Hipgnosis is one among a rising crop of businesses who are aiming to disrupt the music industry by turning music into an asset class like gold, oil and securities. In the music publishing industry, businesses buy catalogs from labels and manage how their intellectual property is managed across different media. Hipgnosis prefers to deal directly with artists who own their own masters, which gives those artists more decision-making power. If that artist agrees to strike a deal, royalties are paid out in full to that artist. If the song does well, Hipgnosis earns a return on its investment for its investors. Hipgnosis’ bet is that music has a stable and enduring value. The company invests in proven music, which gives its model a conservativeness that allows it to thrive because song creation is intrinsically riskier than song management.
The company’s focus on turning music into an asset class probably explains why an analysis on YEAH! Local shows that “securities” is one of the top five words on their website.
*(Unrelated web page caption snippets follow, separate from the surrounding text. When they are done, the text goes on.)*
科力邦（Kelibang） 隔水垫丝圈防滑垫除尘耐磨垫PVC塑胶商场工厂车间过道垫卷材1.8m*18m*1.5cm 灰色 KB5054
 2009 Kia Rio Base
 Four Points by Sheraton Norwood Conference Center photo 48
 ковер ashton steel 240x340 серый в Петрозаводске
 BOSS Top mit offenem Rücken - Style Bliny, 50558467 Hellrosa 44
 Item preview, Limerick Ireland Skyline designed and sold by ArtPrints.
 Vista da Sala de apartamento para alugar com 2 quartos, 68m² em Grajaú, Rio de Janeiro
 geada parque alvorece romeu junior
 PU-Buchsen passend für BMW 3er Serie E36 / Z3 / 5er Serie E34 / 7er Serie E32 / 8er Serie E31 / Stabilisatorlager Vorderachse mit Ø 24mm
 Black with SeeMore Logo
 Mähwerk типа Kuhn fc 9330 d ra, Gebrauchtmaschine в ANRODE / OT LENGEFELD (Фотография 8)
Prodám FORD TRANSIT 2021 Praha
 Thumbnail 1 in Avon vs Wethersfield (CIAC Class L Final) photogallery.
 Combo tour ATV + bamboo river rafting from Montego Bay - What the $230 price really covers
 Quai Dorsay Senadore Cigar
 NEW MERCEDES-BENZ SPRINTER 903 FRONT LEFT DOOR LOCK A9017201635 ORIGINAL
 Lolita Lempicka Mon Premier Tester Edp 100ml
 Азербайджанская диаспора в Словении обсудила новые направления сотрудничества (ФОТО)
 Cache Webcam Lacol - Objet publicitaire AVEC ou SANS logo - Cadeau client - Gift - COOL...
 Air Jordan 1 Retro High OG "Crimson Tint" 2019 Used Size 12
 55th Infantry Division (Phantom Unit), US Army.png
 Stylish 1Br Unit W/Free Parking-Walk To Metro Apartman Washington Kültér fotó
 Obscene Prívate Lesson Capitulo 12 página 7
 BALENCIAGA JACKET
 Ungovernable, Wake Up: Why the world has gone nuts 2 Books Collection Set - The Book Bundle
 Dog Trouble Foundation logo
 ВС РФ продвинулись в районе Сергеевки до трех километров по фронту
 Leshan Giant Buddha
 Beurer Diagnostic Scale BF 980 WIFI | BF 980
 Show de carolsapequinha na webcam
The company, which is listed in the United Kingdom, wants to popularize the notion that you can invest in their catalog the way that one would invest in any other asset class. Earnings from music are fairly stable and predictable, which are two of the reasons that people invest in gold or oil. Music’s advantage however is that it is immune to geopolitical happenings. People are always consuming great songs.
The company’s path is clear: they will continue to look for good deals which benefit their investors as well as songwriters. Hipgnosis is looking to list in the United States in the next 18 months. CEO, Merck Mercuriadis, began the company’s journey in the United Kingdom because platforms there are dedicated toward discovering new music. The United States presents a different challenge because discovery is done mainly through streaming, unlike in the United Kingdom. Ultimately, Mercuriadis is focused on putting the songwriter and musician in a more favourable position on the economic landscape, while earning a return for his investors.